▶ **EXERCISE DESCRIPTION**
An exact copy of the data below is needed; please leave out any pictures.
#### DATA EXCERPTS ####
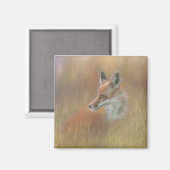 Fox wildlife magnet. magneet (Voorkant / Achterkant)
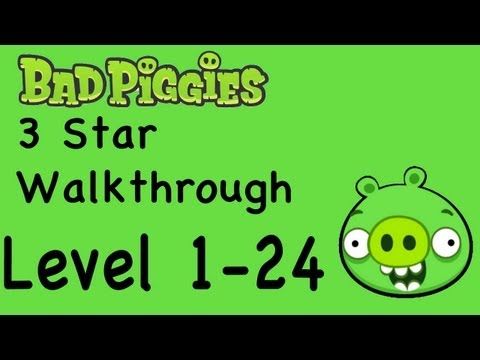Video guide by NextGenWalkthroughs: Bad Piggies 3 stars level 1-24 #badpiggies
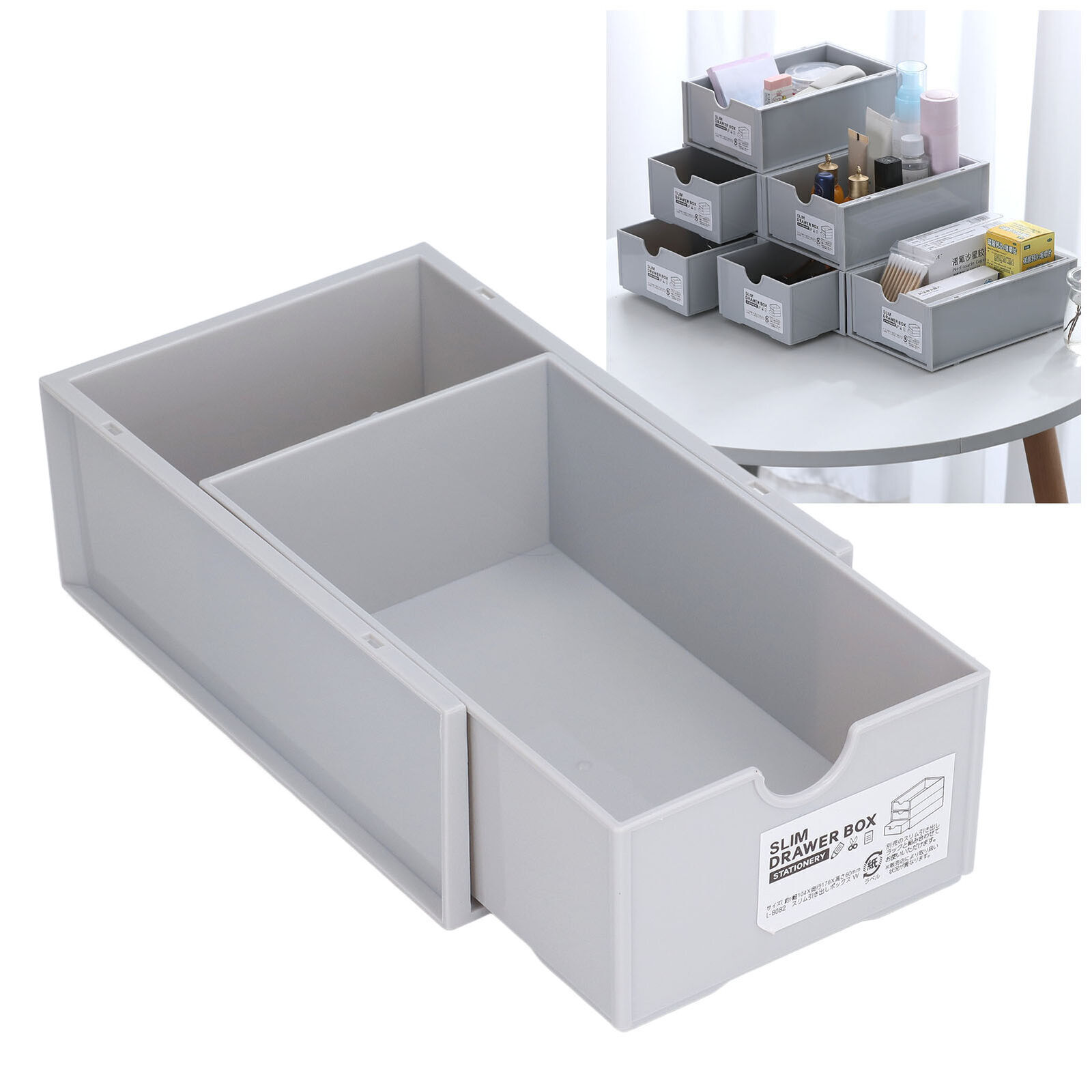 Storage Box Stackable PP Material Large Capacity Classified Storage Strong Durab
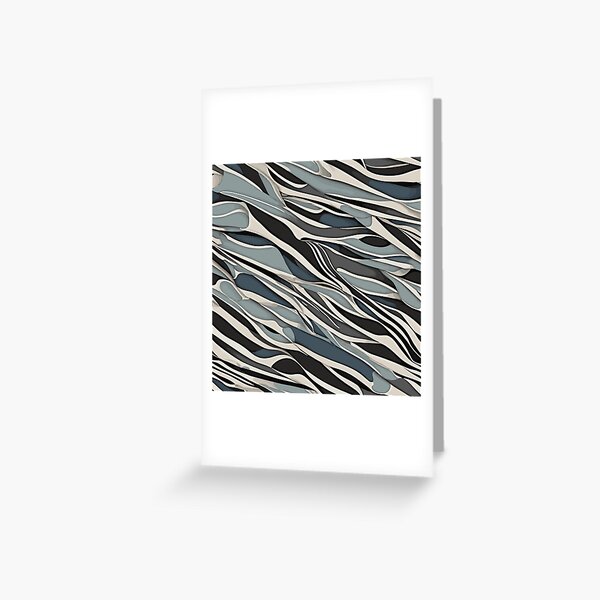 Item preview, Black and White Stripes and Curves on a Black Background, Ai designed and sold by Salahuddin190.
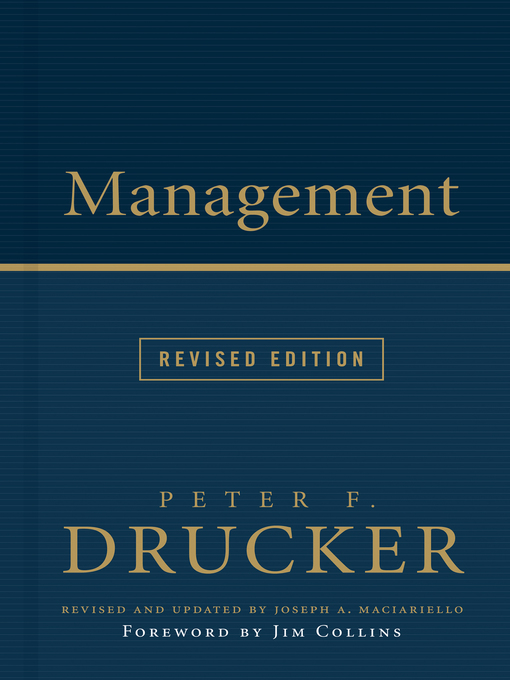 Title details for Management by Peter F. Drucker - Wait list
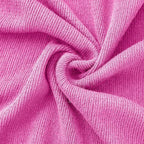 Vonty Hot Pink Knitted Blanket with Tassels Fringe 60" x 80", Super Soft Knit Throw Blanket, Farmhouse Decorative Lightweight Blanket for Couch, Sofa, Bed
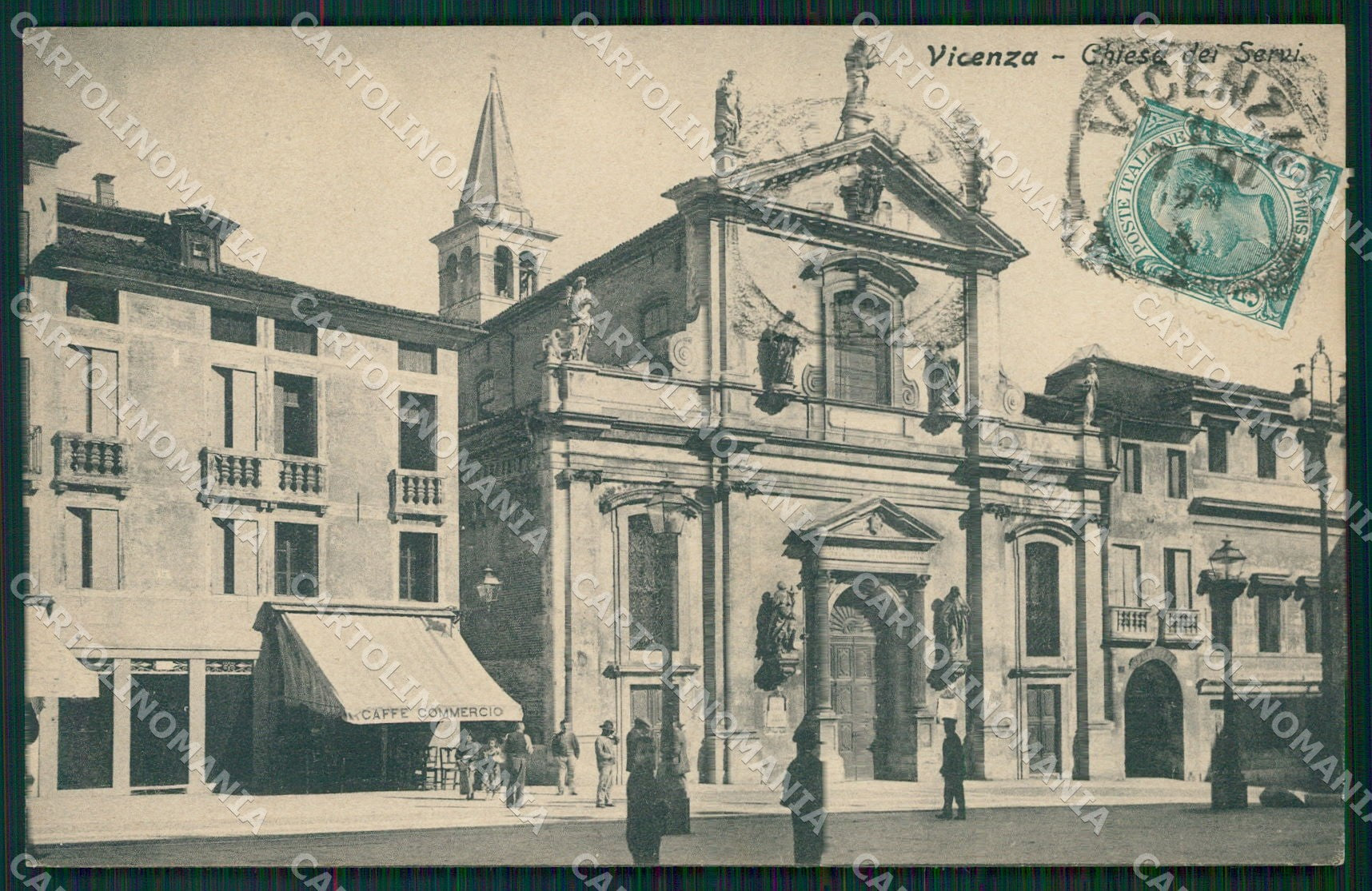 Vicenza Città Chiesa dei Servi cartolina QT4590 – fronte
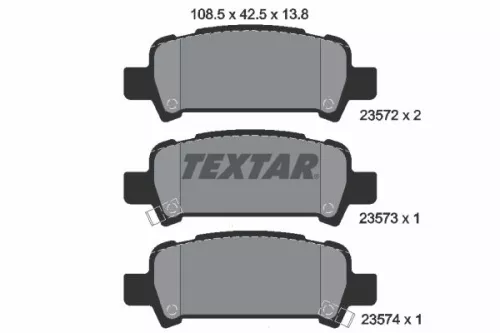 TEXTAR TEXTAR (2357202) 1x Brake Kit, disc brake 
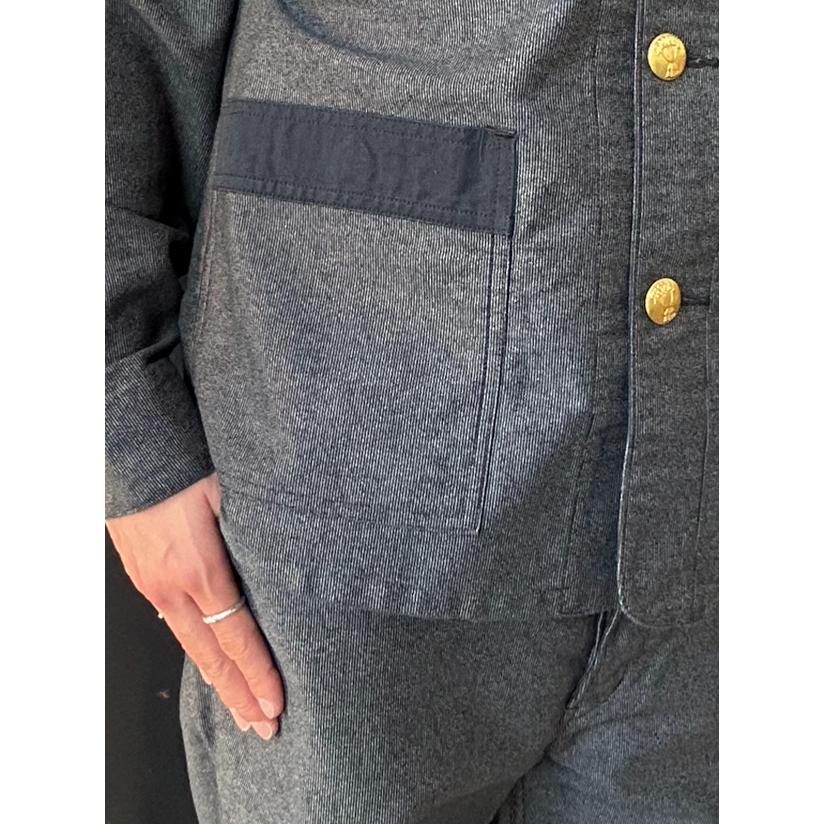 トロフィークロージング TROPHY CLOTHING Rail Roader Chore Jacket TR23AW-503 Navy｜magic-u-co｜04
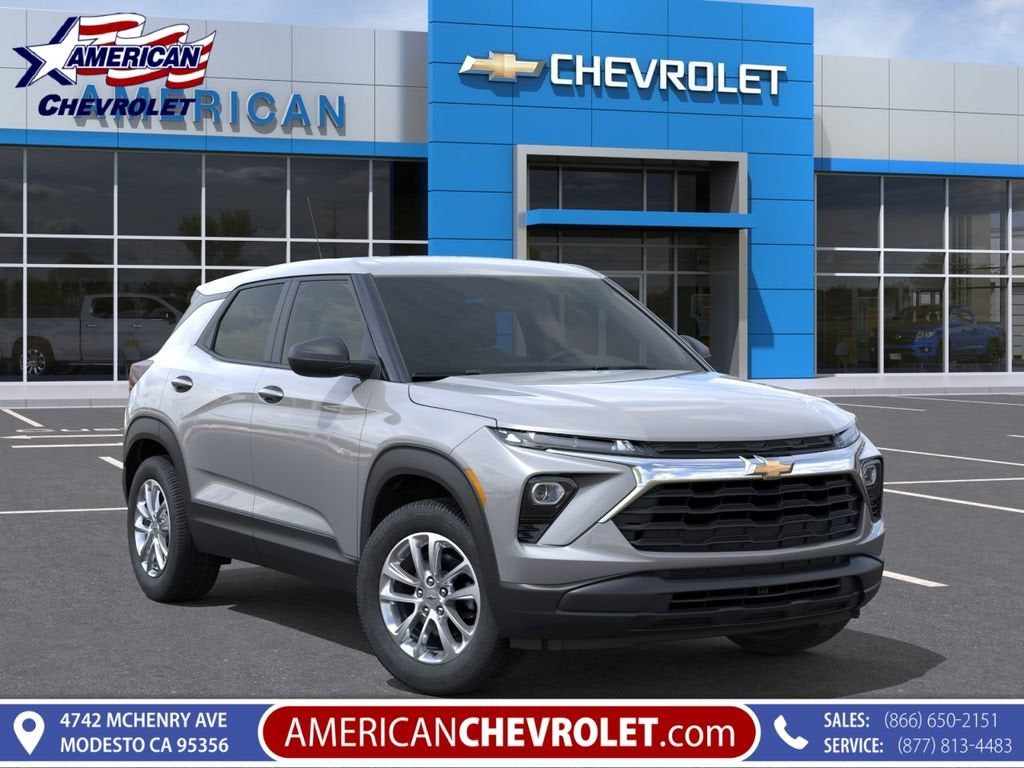 2026 Chevrolet Trailblazer LS in Sterling Gray Metallic — front three-quarter view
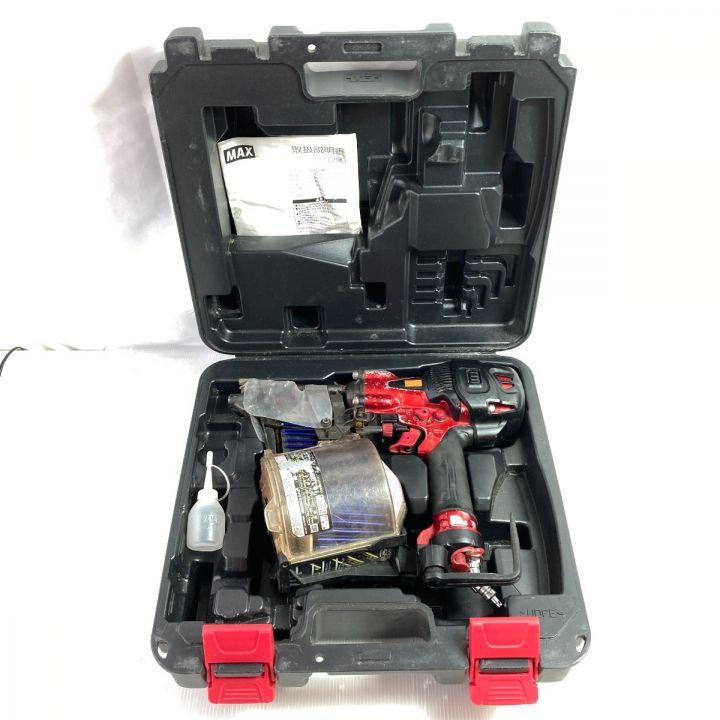MAX マックス 90mm 高圧エア釘打ち機 スーパーネイラ ケース付 HN-90N4 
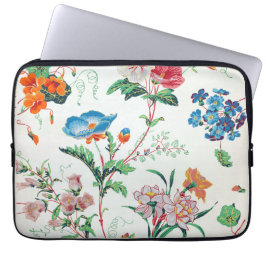France 1830 Floral Antique Wallpaper Laptopschutzhülle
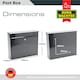 image 4 of Burg-Wachter Elegance Wall Mounted Galvanised Stell Lockable Weatherproof Ppost Box - 36x31x11cm N/A | Anthracite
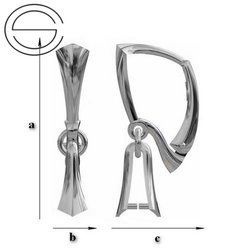 BBA-8 Leverbacks Silver 925 for Crystals from Swarovski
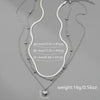 Stainless Steel Layered Necklace Set – Bold or Minimal, Your Way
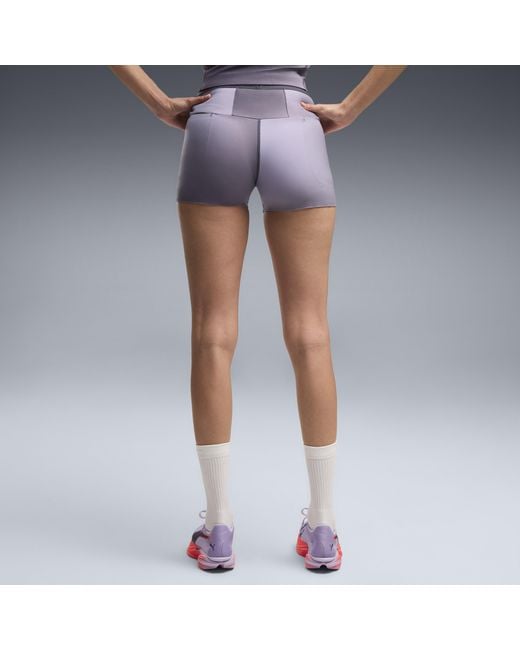 PUMA Purple Lightspeed Printed 3" Running Short Tights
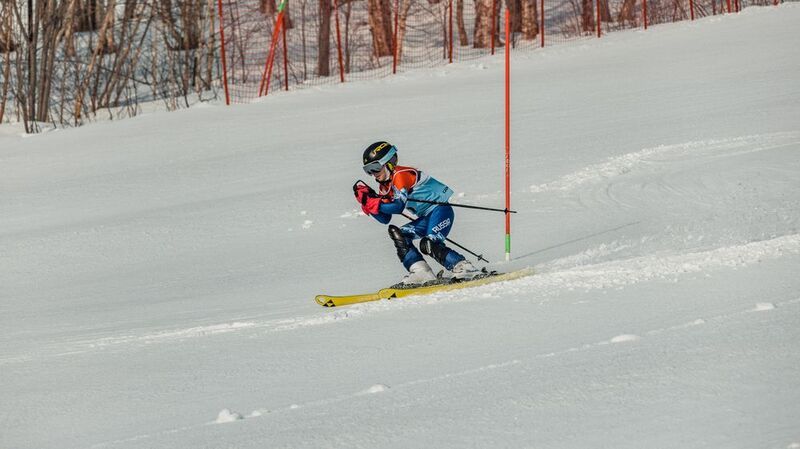 гора морозная, спорт, горные лыжи, слалом, воскресенье, апрель Апрельский слалом на Морозной фото превью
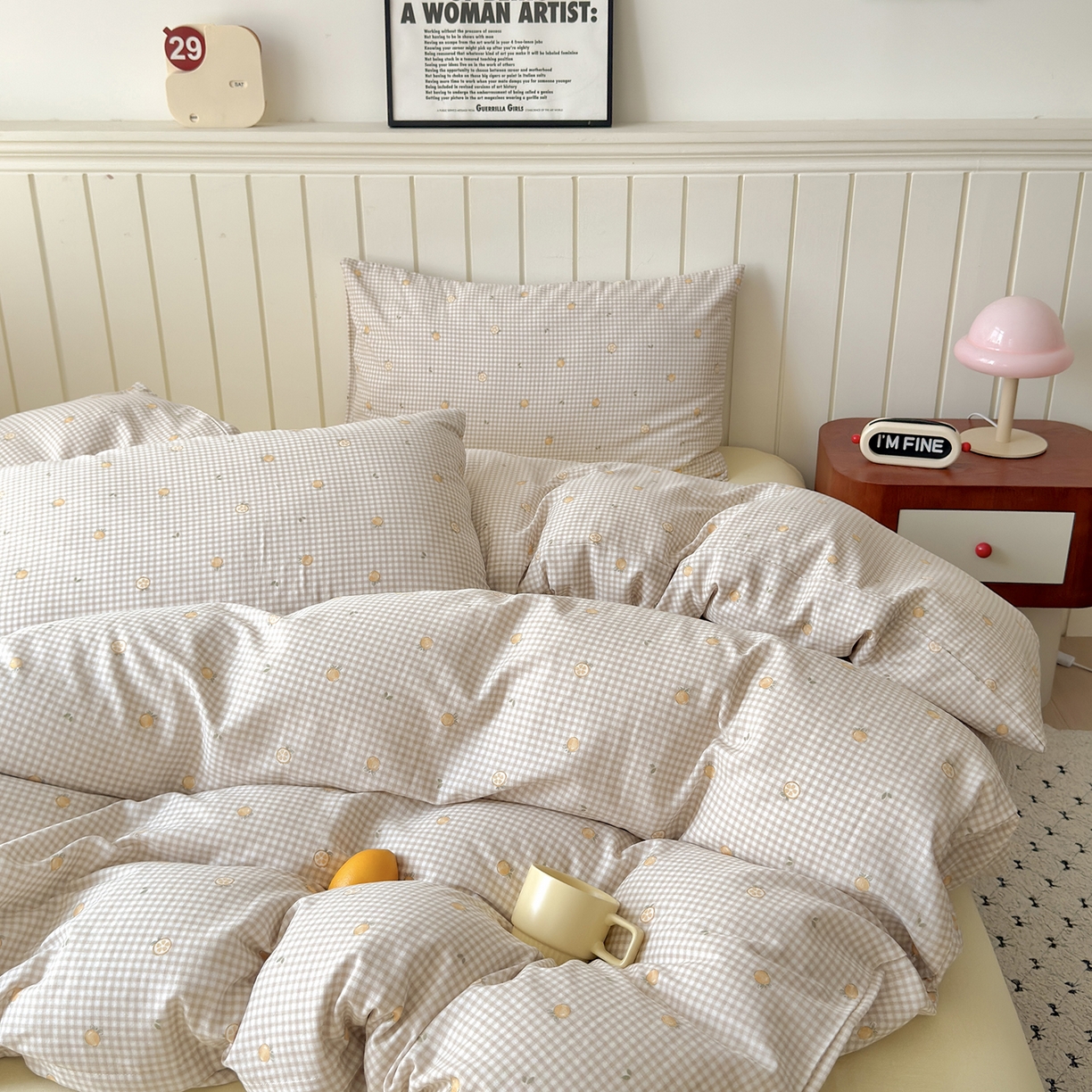 91家纺网 家纺一手货源 找家纺 于果 2025新款全棉双层纱四件套（第六批） 觅果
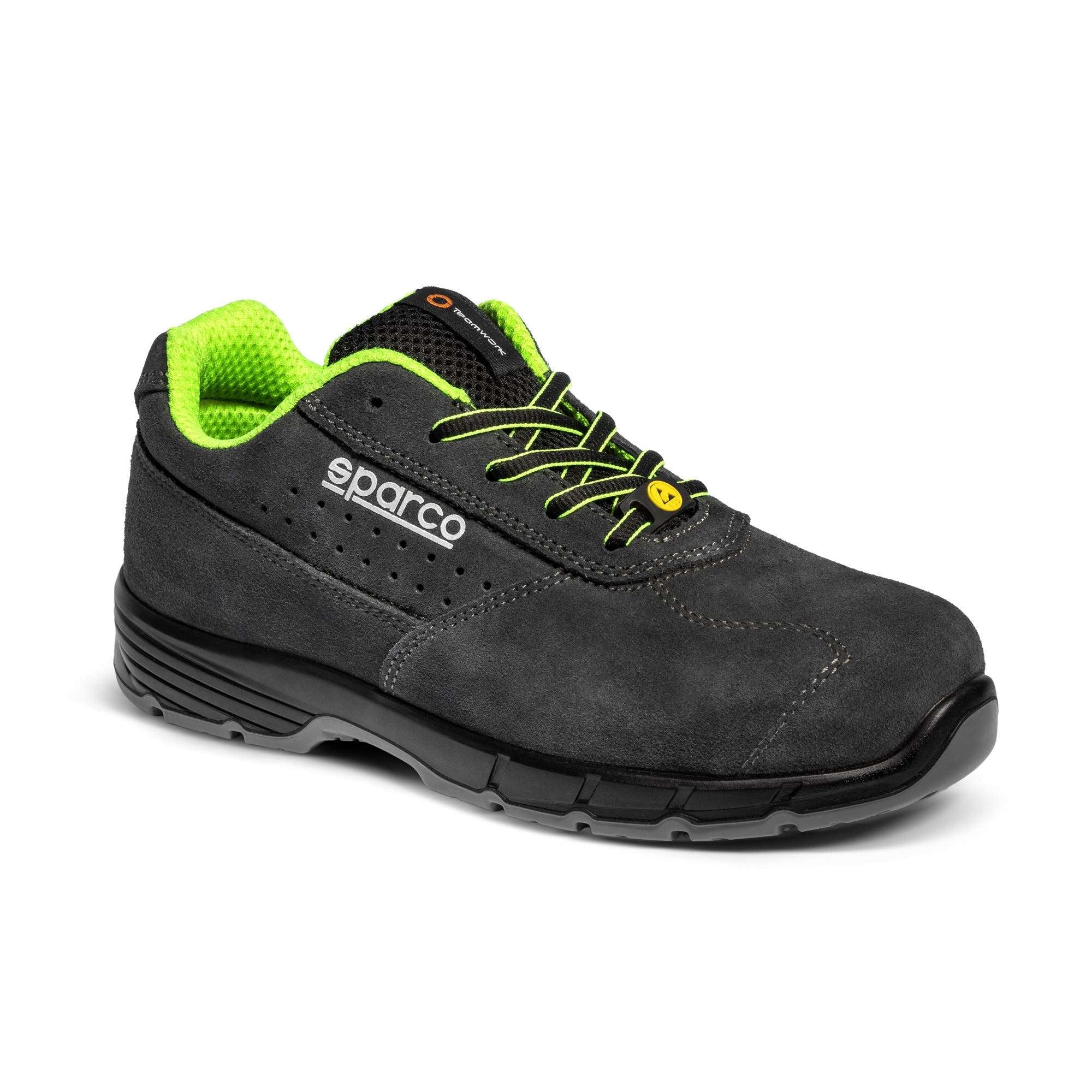 Sparco Scarpa Horizon Ontario ESD S1Ps grigio/verde-scarpe antinfortunistiche
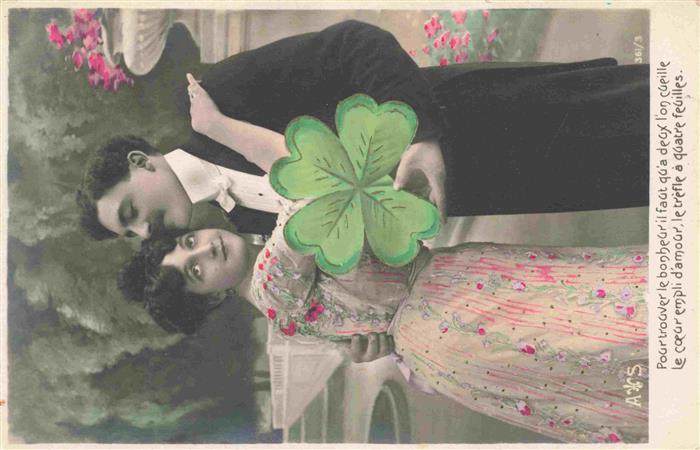 Kleeblatt Cloverleaf Trebol Trefle AS Nr. 361-3 Frau Mann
####
▶ **FINISHED TASK**
 Fox wildlife magnet. magneet (Voorkant / Achterkant)
Video guide by NextGenWalkthroughs: Bad Piggies 3 stars level 1-24 #badpiggies
 Storage Box Stackable PP Material Large Capacity Classified Storage Strong Durab
 Item preview, Black and White Stripes and Curves on a Black Background, Ai designed and sold by Salahuddin190.
 Title details for Management by Peter F. Drucker - Wait list
 Vonty Hot Pink Knitted Blanket with Tassels Fringe 60" x 80", Super Soft Knit Throw Blanket, Farmhouse Decorative Lightweight Blanket for Couch, Sofa, Bed
 Vicenza Città Chiesa dei Servi cartolina QT4590 – fronte
 TEXTAR TEXTAR (2357202) 1x Brake Kit, disc brake 
 トロフィークロージング TROPHY CLOTHING Rail Roader Chore Jacket TR23AW-503 Navy｜magic-u-co｜04
 2026 Chevrolet Trailblazer LS in Sterling Gray Metallic — front three-quarter view
MAX マックス 90mm 高圧エア釘打ち機 スーパーネイラ ケース付 HN-90N4 
France 1830 Floral Antique Wallpaper Laptopschutzhülle
 image 4 of Burg-Wachter Elegance Wall Mounted Galvanised Stell Lockable Weatherproof Ppost Box - 36x31x11cm N/A | Anthracite
 BBA-8 Leverbacks Silver 925 for Crystals from Swarovski
 Stainless Steel Layered Necklace Set – Bold or Minimal, Your Way
 PUMA Purple Lightspeed Printed 3" Running Short Tights
 гора морозная, спорт, горные лыжи, слалом, воскресенье, апрель Апрельский слалом на Морозной фото превью
 91家纺网 家纺一手货源 找家纺 于果 2025新款全棉双层纱四件套（第六批） 觅果
 Sparco Scarpa Horizon Ontario ESD S1Ps grigio/verde-scarpe antinfortunistiche
 Kleeblatt Cloverleaf Trebol Trefle AS Nr. 361-3 Frau Mann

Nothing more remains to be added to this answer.